Die fristlose Kündigung, auch außerordentliche Kündigung genannt, ist ein schwerwiegendes Instrument im deutschen Arbeitsrecht zur sofortigen Beendigung eines Arbeitsverhältnisses ohne Einhaltung der üblichen Kündigungsfristen. Gesetzlich verankert ist sie in § 626 des Bürgerlichen Gesetzbuchs (BGB).


Eine fristlose Kündigung kann sowohl vom Arbeitgeber als auch vom Arbeitnehmer ausgesprochen werden. Sie erfordert einen wichtigen Grund, der die Fortsetzung des Arbeitsverhältnisses unzumutbar macht. Im Gegensatz zur ordentlichen Kündigung, bei der Kündigungsfristen eingehalten werden müssen, wirkt die fristlose Kündigung unmittelbar. Sie stellt eine Ausnahme vom Grundsatz der Einhaltung von Kündigungsfristen dar und unterliegt daher strengen rechtlichen Voraussetzungen.

Rechtliche Grundlagen

Die Rechtsgrundlage für die fristlose Kündigung findet sich in § 626 BGB. Diese Vorschrift legt fest:


"(1) Das Dienstverhältnis kann von jedem Vertragsteil aus wichtigem Grund ohne Einhaltung einer Kündigungsfrist gekündigt werden, wenn Tatsachen vorliegen, auf Grund derer dem Kündigenden unter Berücksichtigung aller Umstände des Einzelfalles und unter Abwägung der Interessen beider Vertragsteile die Fortsetzung des Dienstverhältnisses bis zum Ablauf der Kündigungsfrist oder bis zu der vereinbarten Beendigung des Dienstverhältnisses nicht zugemutet werden kann.

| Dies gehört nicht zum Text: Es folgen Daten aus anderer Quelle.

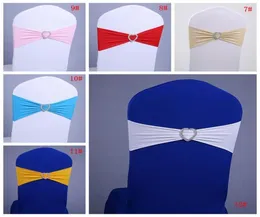 Spandex Elastic Wedding Chair Cover Sash Bands Wedding Birthday Party Elastic Chair Buckle Sash Decoration 17 Colors Available DBC5390839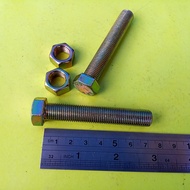 YELLOW BOLT NUT M12 X 70 BMK M12 X 70/ YELLOW M12X70 BOLT/ M12 BOLT/ 17 KEY BOLT/ 17 7CM LENGTH/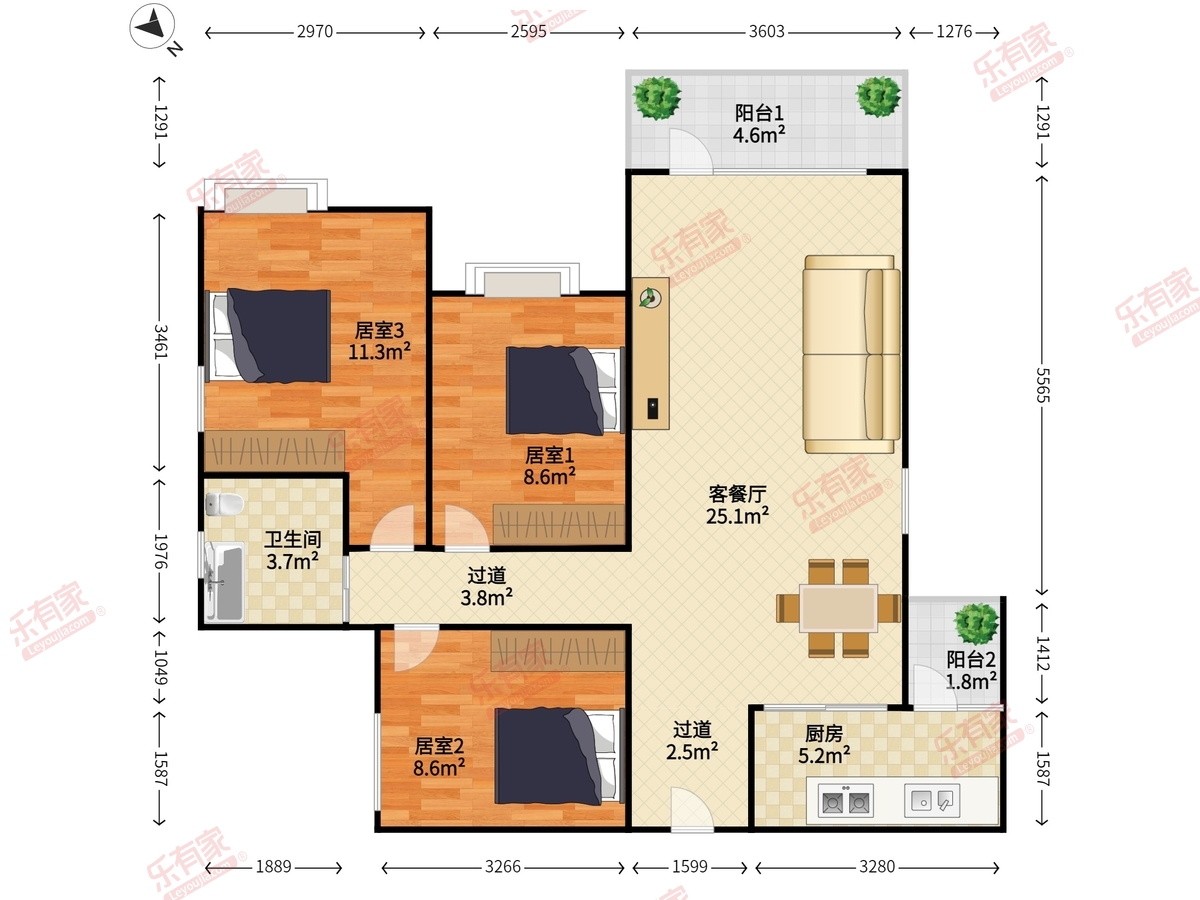 蛇口花园城五期户型图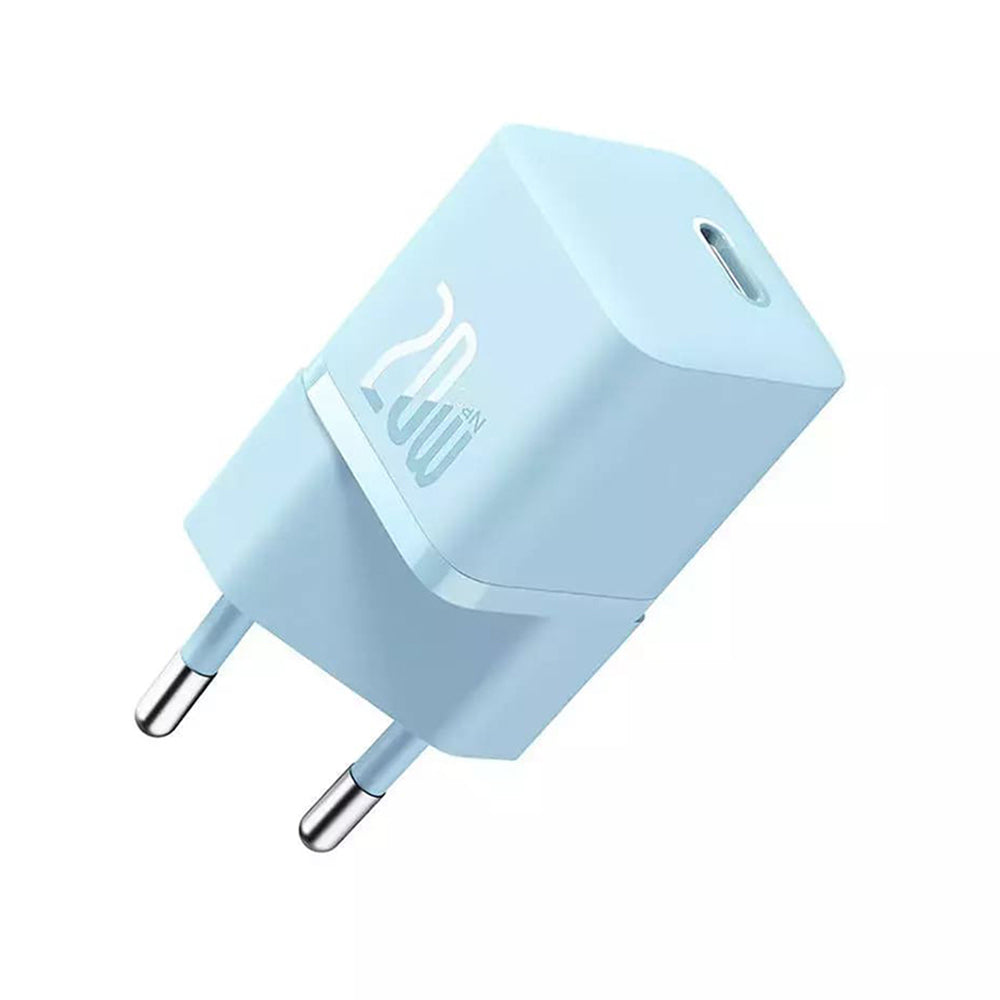 Punjač mreže Baseus GaN Mini 1C, 20W, 3A, 1 x USB-C, Plavi CCGN050103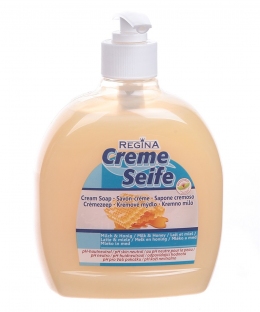 Жидкое крем-мыло  для рук  Regina Cremeseife Honig Milch (Reinex) Мед и молоко 500 мл (4068400003348)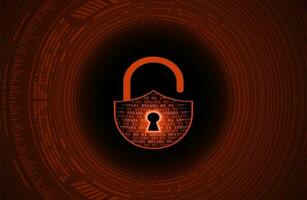 Modern Cybersecurity Technology Background with padlock vector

(2) Die Kündigung kann nur innerhalb von zwei Wochen erfolgen. Die Frist beginnt mit dem Zeitpunkt, in dem der Kündigungsberechtigte von den für die Kündigung maßgebenden Tatsachen Kenntnis erlangt. Der Kündigende muss dem anderen Teil auf Verlangen den Kündigungsgrund unverzüglich schriftlich mitteilen."


Historische Entwicklung

Die Möglichkeit zur fristlosen Kündigung hat eine lange Tradition. Bereits im Allgemeinen Preußischen Landrecht von 1794 gab es Bestimmungen, die eine sofortige Beendigung des Arbeitsverhältnisses aus wichtigen Gründen erlaubten. Mit der Einführung des BGB im Jahr 1900 wurde die fristlose Kündigung in § 626 BGB kodifiziert und hat seitdem zahlreiche Konkretisierungen durch die Rechtsprechung erfahren.


Voraussetzungen

Für die Wirksamkeit einer fristlosen Kündigung müssen folgende Voraussetzungen erfüllt sein:


  1. Vorliegen eines wichtigen Grundes

  2. Unzumutbarkeit der Fortsetzung des Arbeitsverhältnisses

  3. Einhaltung der Zwei-Wochen-Frist

  4. Verhältnismäßigkeit der Kündigung


Wichtiger Grund

Ein wichtiger Grund liegt vor, wenn Tatsachen gegeben sind, die unter Berücksichtigung aller Umstände des Einzelfalls und unter Abwägung der Interessen beider Vertragsparteien die sofortige Beendigung des Arbeitsverhältnisses rechtfertigen. Das Bundesarbeitsgericht hat in zahlreichen Entscheidungen Fallgruppen entwickelt, die als wichtige Gründe anerkannt sind.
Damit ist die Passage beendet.